Songs used in the film but not included in the soundtrack album were:
- "Rebel Blues" performed by Lëk Sèn
- "No Church in the Wild" performed by Kanye West & Jay-Z featuring Frank Ocean

Track listing
| No. | Title | Length |
|---|---|---|
| 1. | "Safe House" | 3:15 |
| 2. | "A Hundred Lies a Day" | 3:15 |
| 3. | "Get in the Trunk" | 4:24 |
| 4. | "Do I Make You Nervous?" | 3:07 |
| 5. | "I Used to Be Innocent Like You" | 2:11 |
| 6. | "Tobin Frost" | 2:19 |
| 7. | "Off the Grid" | 3:27 |
| 8. | "Do What You Have to Do" | 4:48 |
| 9. | "Don't Kill Innocent People" | 3:45 |
| 10. | "Who Do You Work For?" | 3:44 |
| 11. | "Walk Away" | 6:03 |
| 12. | "People Change" | 2:16 |
| 13. | "Be Better Than Me" | 4:11 |
| 14. | "Langa" | 6:14 |
| 15. | "More Past Than Future" | 3:19 |
| 16. | "12 Months" | 3:05 |
| 17. | "Truth" | 3:42 |
| 18. | "I'll Take It From Here" | 5:46 |
| Total length: |  | 68:51 |

==Release==
The film premiered in New York City on February 7, 2012, and was released in U.S. theaters on February 10, 2012. Safe House was released to Blu-ray and DVD on June 5, 2012, in the United States.

==Reception==

===Box office===
Safe House grossed $126.4 million in the United States, and $81.7 million in other territories, for a worldwide total of $208.1 million.

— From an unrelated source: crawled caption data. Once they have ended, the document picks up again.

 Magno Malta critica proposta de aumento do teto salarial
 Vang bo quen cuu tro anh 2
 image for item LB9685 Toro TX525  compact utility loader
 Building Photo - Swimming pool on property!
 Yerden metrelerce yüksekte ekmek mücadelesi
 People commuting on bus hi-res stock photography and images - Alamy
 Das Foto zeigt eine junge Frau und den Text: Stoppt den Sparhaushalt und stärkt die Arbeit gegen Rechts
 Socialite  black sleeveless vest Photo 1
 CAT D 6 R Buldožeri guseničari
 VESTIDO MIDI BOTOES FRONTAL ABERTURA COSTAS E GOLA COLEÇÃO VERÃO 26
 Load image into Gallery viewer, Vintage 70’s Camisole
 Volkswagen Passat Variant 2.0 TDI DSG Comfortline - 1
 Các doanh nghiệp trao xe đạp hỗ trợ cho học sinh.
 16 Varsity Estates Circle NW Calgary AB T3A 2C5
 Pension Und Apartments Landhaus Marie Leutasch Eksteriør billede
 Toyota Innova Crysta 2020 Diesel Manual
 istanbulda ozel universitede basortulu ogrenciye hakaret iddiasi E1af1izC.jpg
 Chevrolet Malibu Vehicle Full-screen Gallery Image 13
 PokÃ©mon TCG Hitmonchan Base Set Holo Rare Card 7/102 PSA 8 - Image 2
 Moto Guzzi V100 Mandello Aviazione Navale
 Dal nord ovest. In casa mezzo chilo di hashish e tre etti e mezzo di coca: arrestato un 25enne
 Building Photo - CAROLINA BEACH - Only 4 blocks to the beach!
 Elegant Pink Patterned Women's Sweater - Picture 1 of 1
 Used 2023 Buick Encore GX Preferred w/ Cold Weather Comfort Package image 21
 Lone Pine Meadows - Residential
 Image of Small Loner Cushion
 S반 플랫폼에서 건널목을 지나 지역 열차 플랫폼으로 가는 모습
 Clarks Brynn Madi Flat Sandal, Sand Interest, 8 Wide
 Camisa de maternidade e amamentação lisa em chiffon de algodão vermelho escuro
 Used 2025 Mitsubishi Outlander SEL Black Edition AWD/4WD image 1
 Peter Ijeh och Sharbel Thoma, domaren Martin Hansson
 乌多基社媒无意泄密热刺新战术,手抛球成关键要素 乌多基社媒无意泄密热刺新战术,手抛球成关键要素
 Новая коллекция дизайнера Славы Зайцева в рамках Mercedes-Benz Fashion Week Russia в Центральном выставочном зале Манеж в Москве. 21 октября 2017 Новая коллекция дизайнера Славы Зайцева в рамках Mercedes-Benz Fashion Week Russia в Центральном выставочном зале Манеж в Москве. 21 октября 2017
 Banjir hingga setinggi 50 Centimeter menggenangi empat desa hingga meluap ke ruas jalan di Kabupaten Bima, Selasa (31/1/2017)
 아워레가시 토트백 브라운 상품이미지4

Safe House earned $13.6 million on opening day, and a total of $40.2 million over the weekend, finishing second behind The Vow. The film was the second-biggest opener for Washington, behind American Gangster ($43.6 million), and third-best for Reynolds behind X-Men Origins: Wolverine ($85.1 million) and Green Lantern ($53.2 million), respectively. In its second weekend, it finished first at $23.6 million. It became the second film in 2012 to cross the $100 million mark domestically after The Vow and the fourth film to cross the mark worldwide after Underworld: Awakening, Journey 2: The Mysterious Island, and The Vow.

===Critical response===
 Metacritic, which uses a weighted average, assigned the film a score of 52 out of 100, based on 36 critics, indicating "mixed or average" reviews. Audiences polled by CinemaScore gave the film an average grade of "A−" on an A+ to F scale.

==Future==
In September 2012, it was announced that Universal had hired screenwriter David Guggenheim to write a script for a possible sequel.